→ **What is required**:
Transcribe the listing exactly as written. Leave the images out.

→ **Data supplied**:
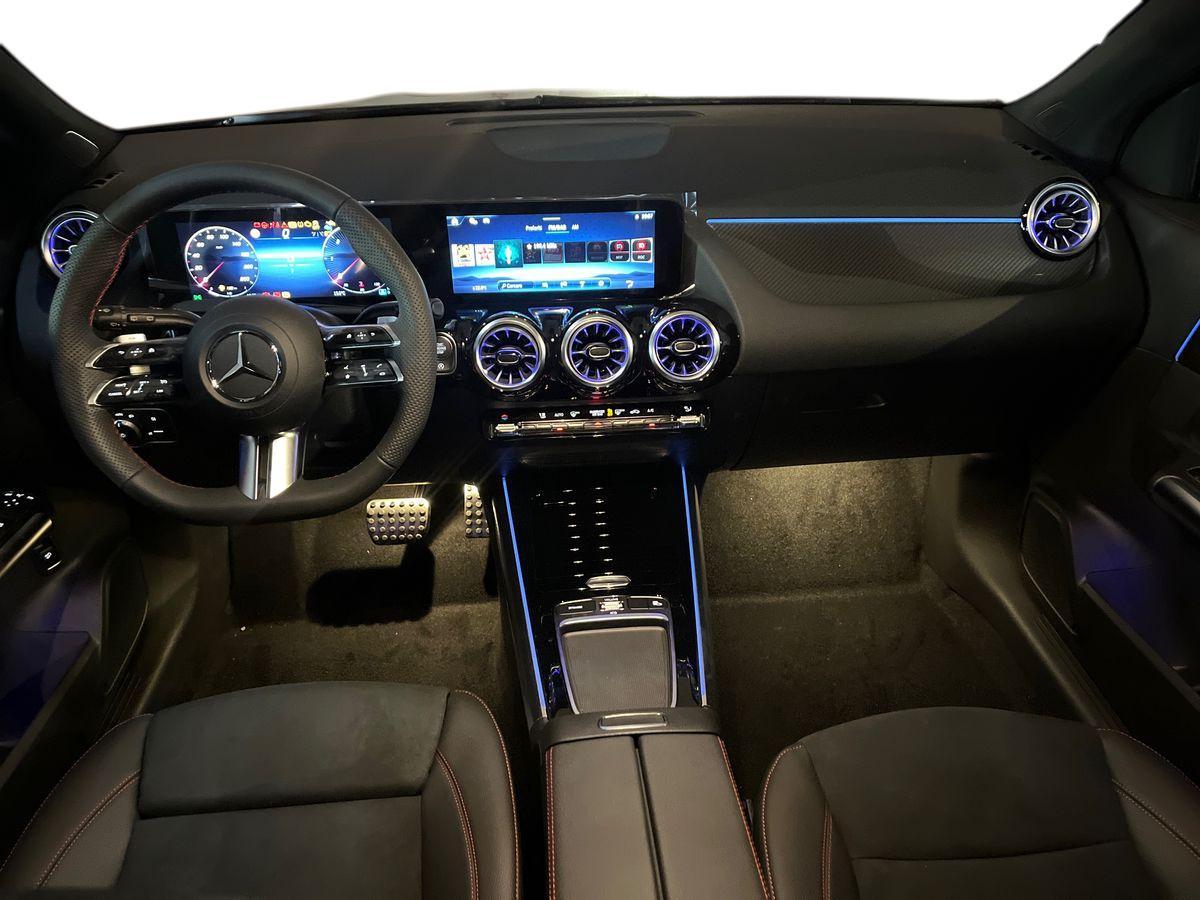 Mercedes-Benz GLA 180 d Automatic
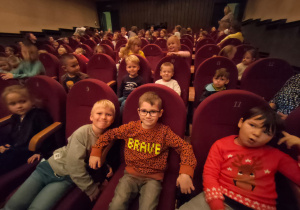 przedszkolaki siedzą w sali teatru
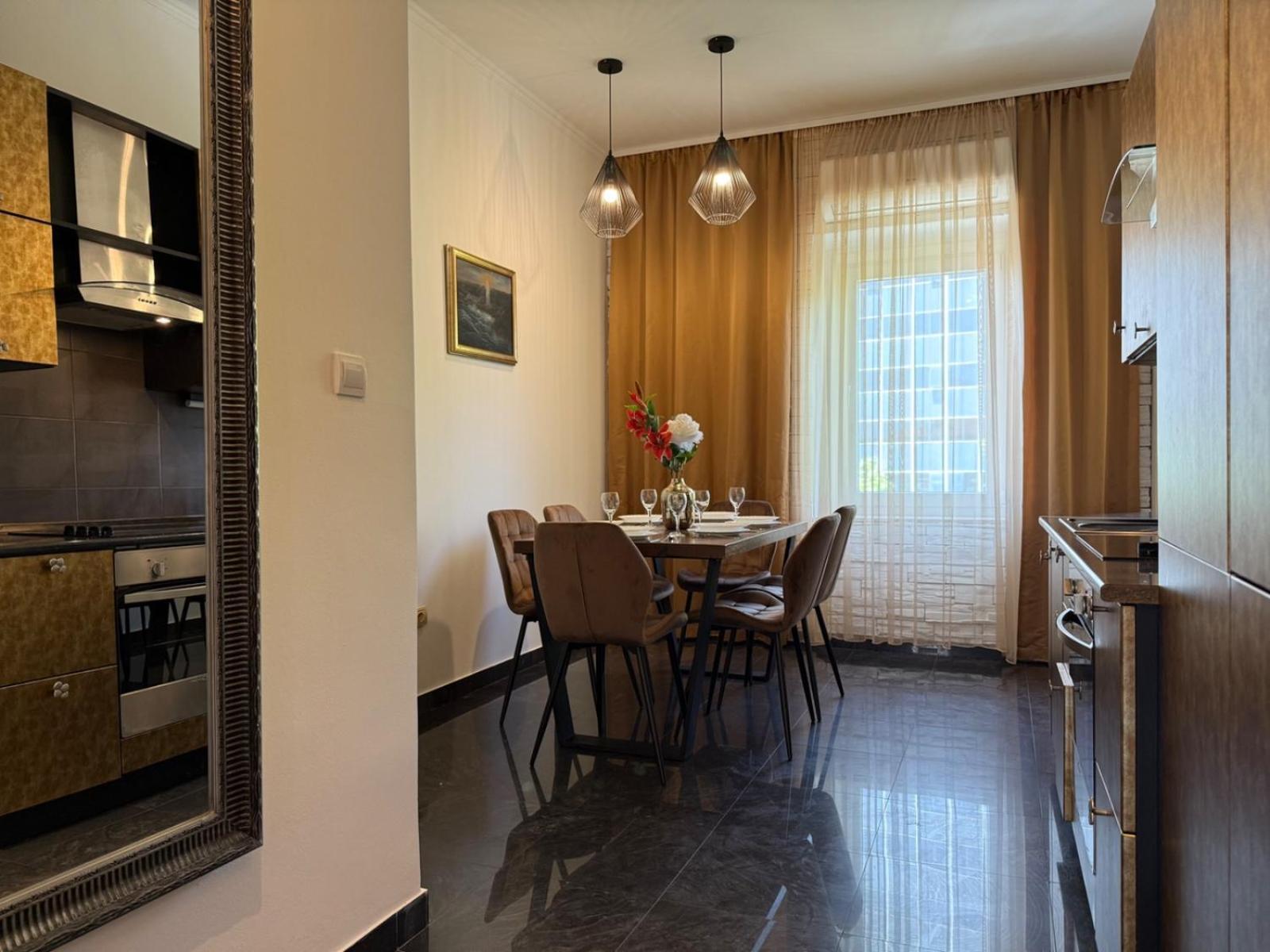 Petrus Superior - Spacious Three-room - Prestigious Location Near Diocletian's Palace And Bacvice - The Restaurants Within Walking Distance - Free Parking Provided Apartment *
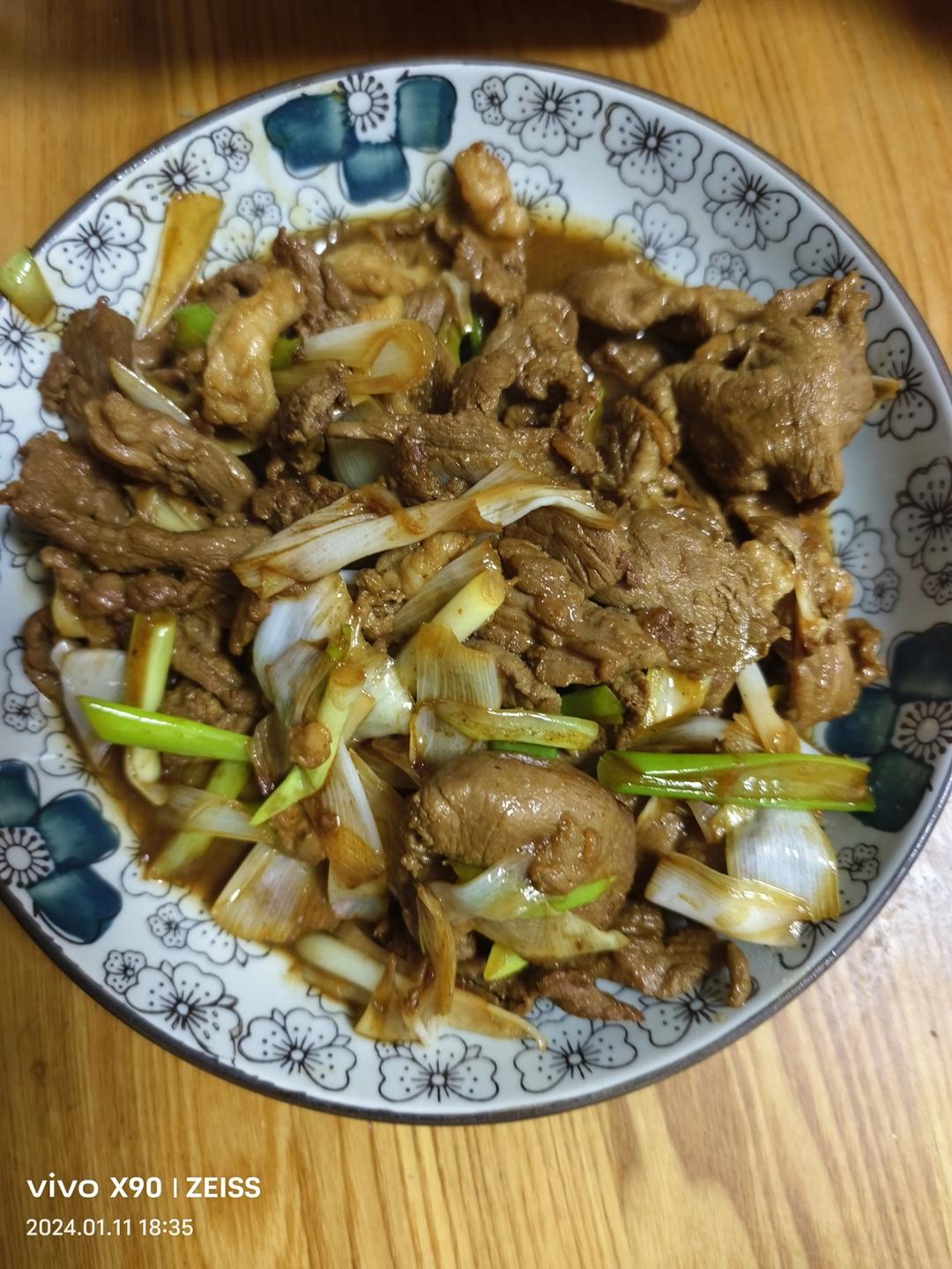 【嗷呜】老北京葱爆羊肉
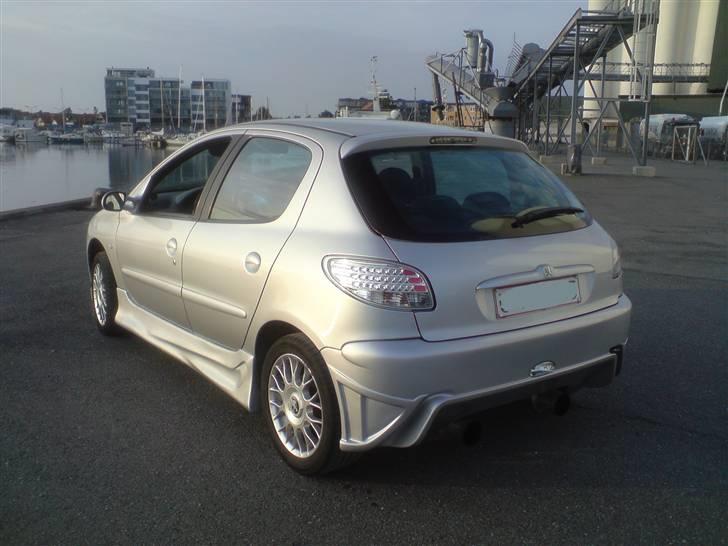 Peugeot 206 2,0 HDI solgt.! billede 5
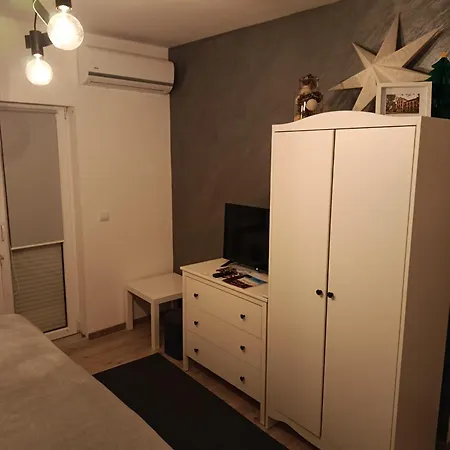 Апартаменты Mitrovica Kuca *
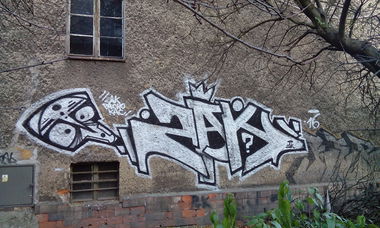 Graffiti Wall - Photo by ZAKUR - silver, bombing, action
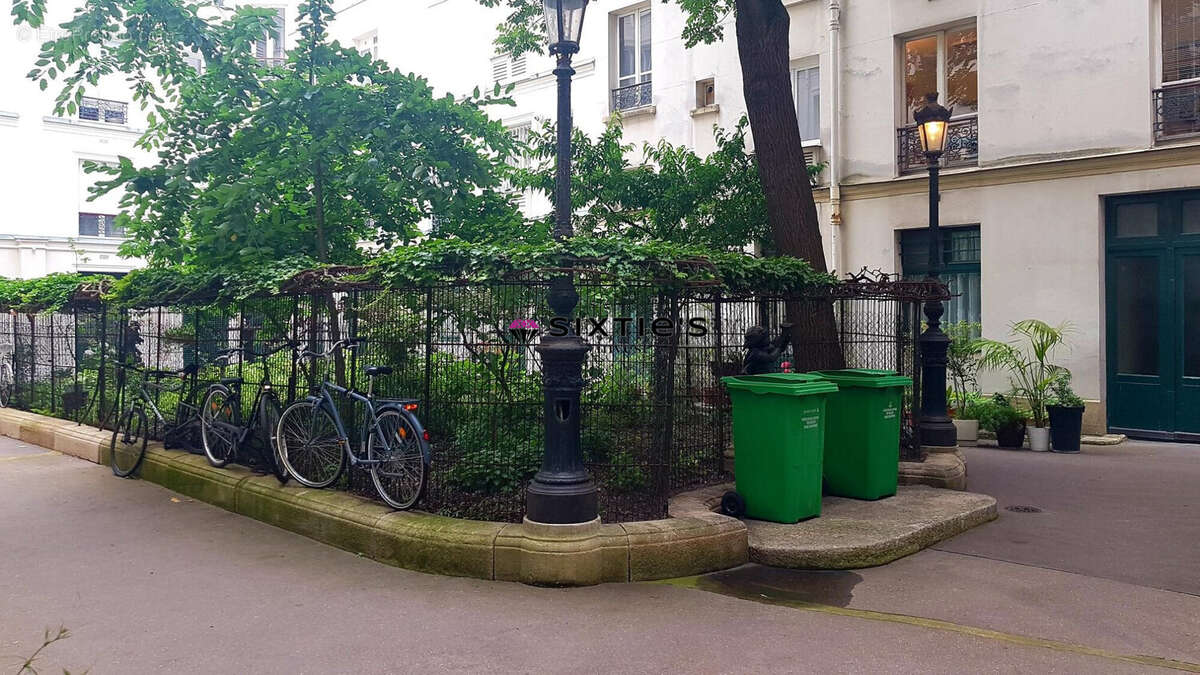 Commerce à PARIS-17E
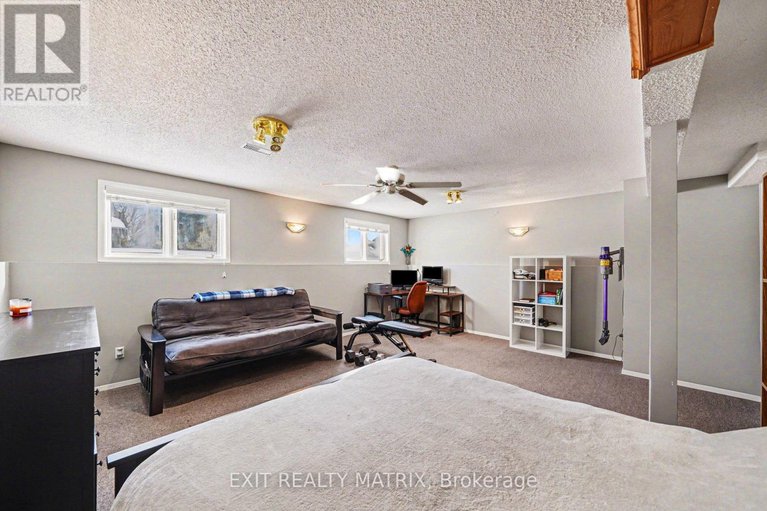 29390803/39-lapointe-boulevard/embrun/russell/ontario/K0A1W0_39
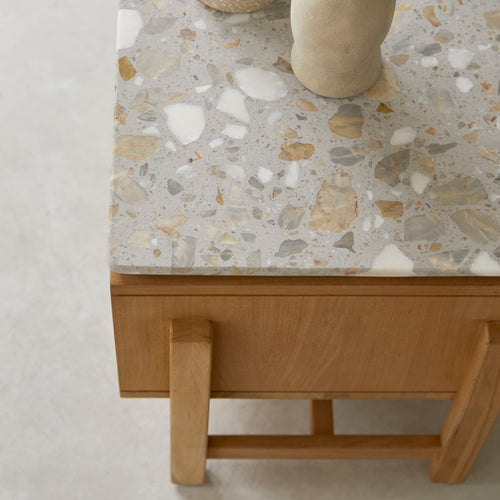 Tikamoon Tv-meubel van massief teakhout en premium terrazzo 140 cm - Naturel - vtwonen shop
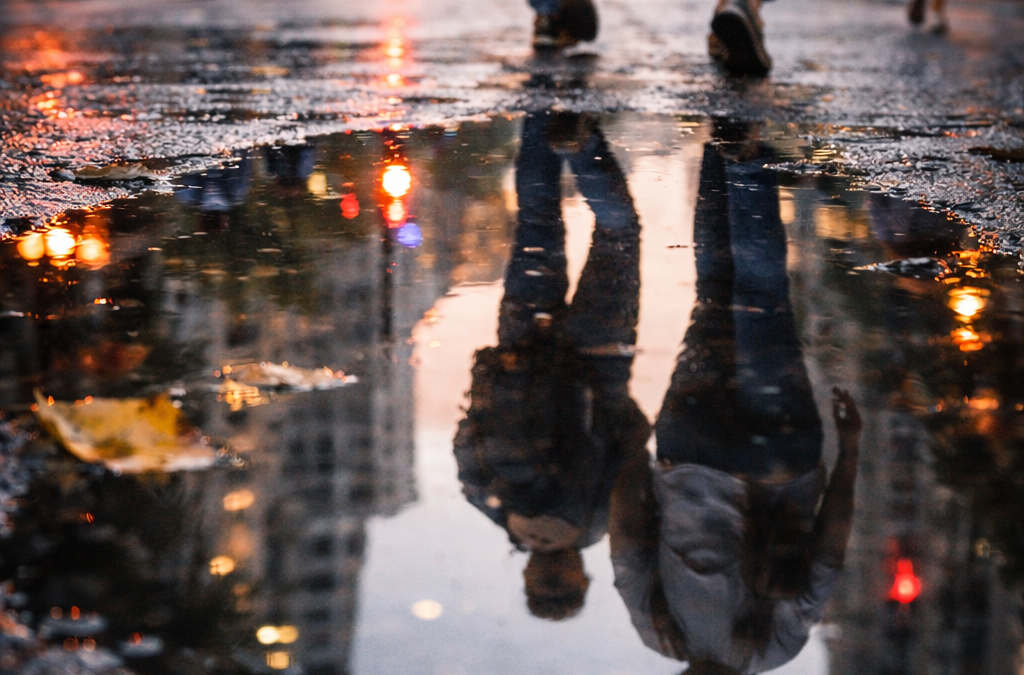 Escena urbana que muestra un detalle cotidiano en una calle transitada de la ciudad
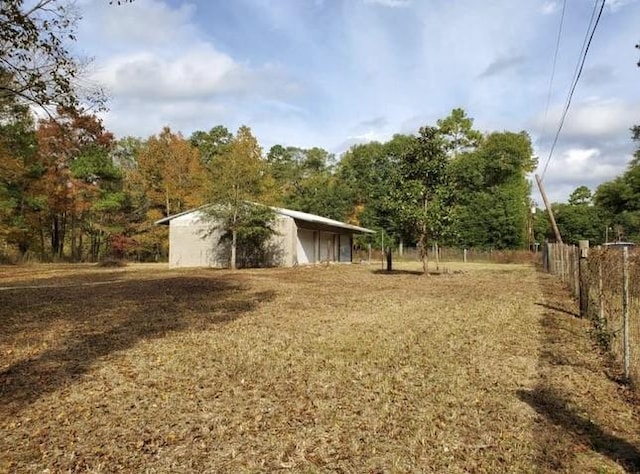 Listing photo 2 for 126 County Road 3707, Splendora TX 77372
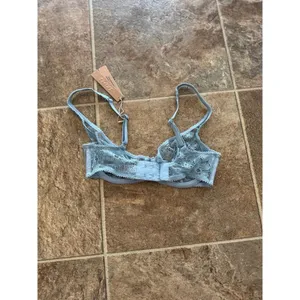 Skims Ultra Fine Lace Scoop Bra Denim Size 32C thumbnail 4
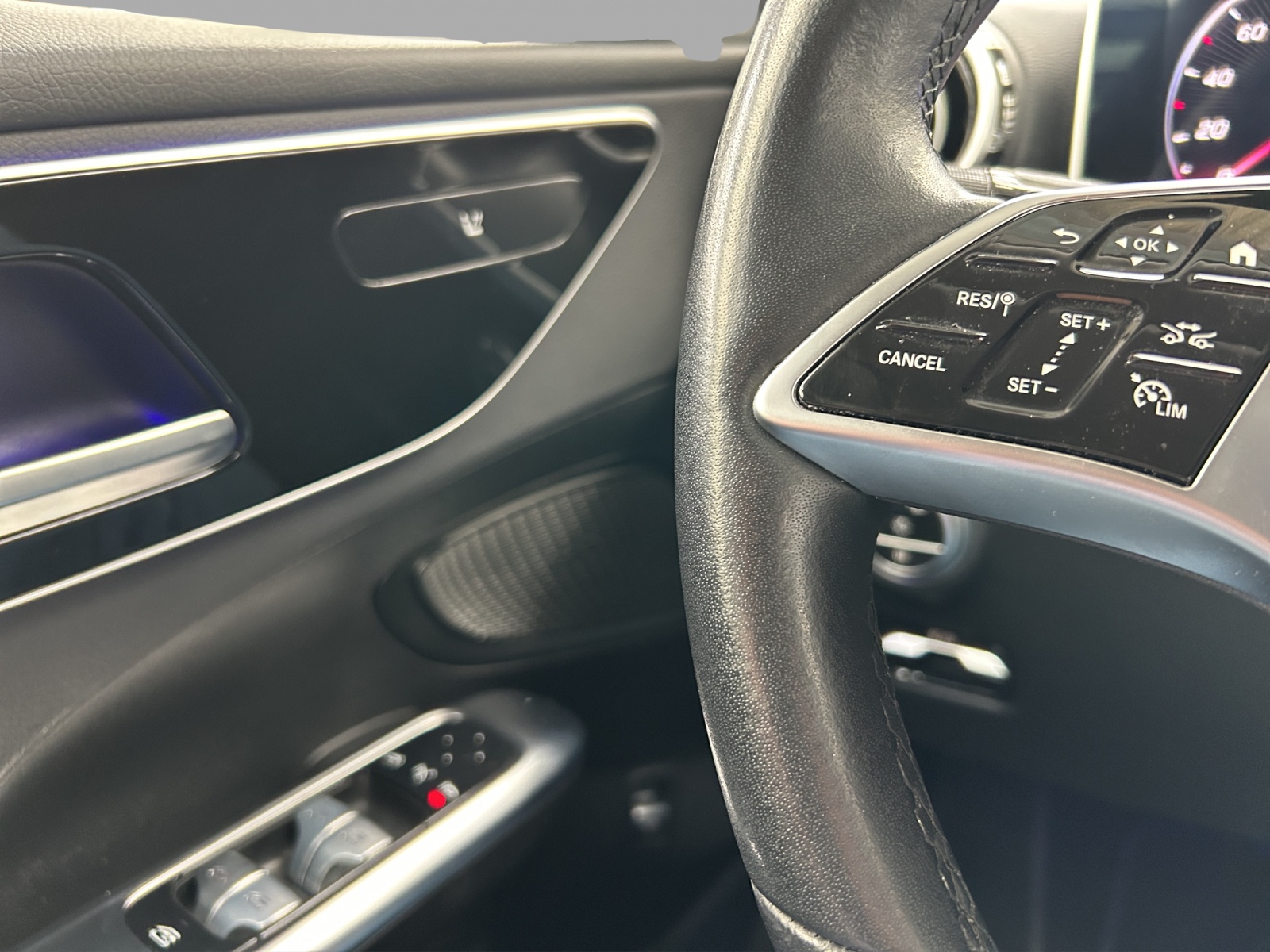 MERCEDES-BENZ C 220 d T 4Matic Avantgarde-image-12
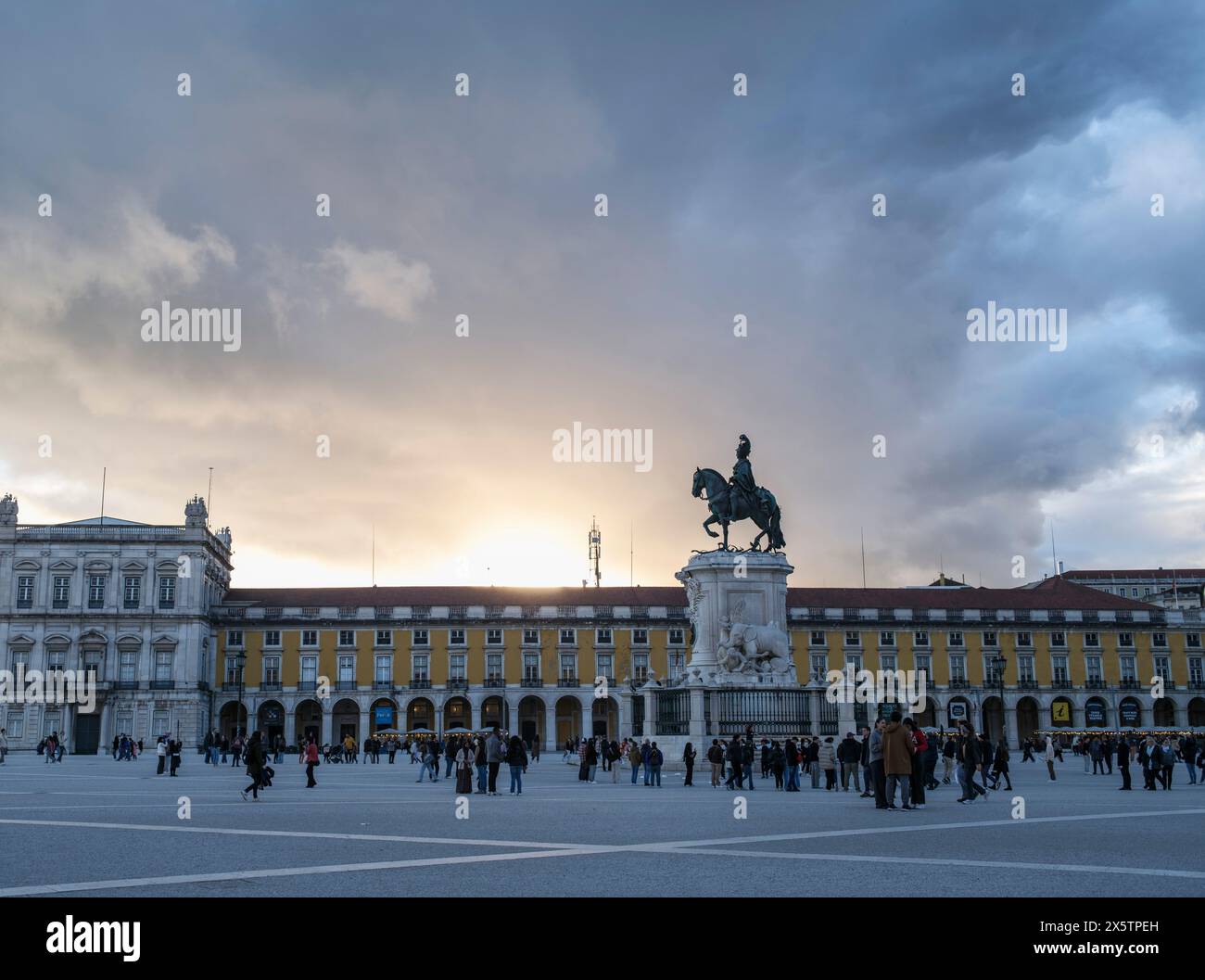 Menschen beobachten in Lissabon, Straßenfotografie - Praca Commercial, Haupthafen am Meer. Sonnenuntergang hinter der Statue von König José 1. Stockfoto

→ **Task response**:
 Mercedes-Benz GLA 180 d Automatic
 przedszkolaki siedzą w sali teatru
 Petrus Superior - Spacious Three-room - Prestigious Location Near Diocletian's Palace And Bacvice - The Restaurants Within Walking Distance - Free Parking Provided Apartment *
 【嗷呜】老北京葱爆羊肉
 Peugeot 206 2,0 HDI solgt.! billede 5
 Апартаменты Mitrovica Kuca *
 Graffiti Wall - Photo by ZAKUR - silver, bombing, action
 Commerce à PARIS-17E
 29390803/39-lapointe-boulevard/embrun/russell/ontario/K0A1W0_39
 Tikamoon Tv-meubel van massief teakhout en premium terrazzo 140 cm - Naturel - vtwonen shop
 Escena urbana que muestra un detalle cotidiano en una calle transitada de la ciudad
 Listing photo 2 for 126 County Road 3707, Splendora TX 77372
 Skims Ultra Fine Lace Scoop Bra Denim Size 32C thumbnail 4
 MERCEDES-BENZ C 220 d T 4Matic Avantgarde-image-12
 Menschen beobachten in Lissabon, Straßenfotografie - Praca Commercial, Haupthafen am Meer. Sonnenuntergang hinter der Statue von König José 1. Stockfoto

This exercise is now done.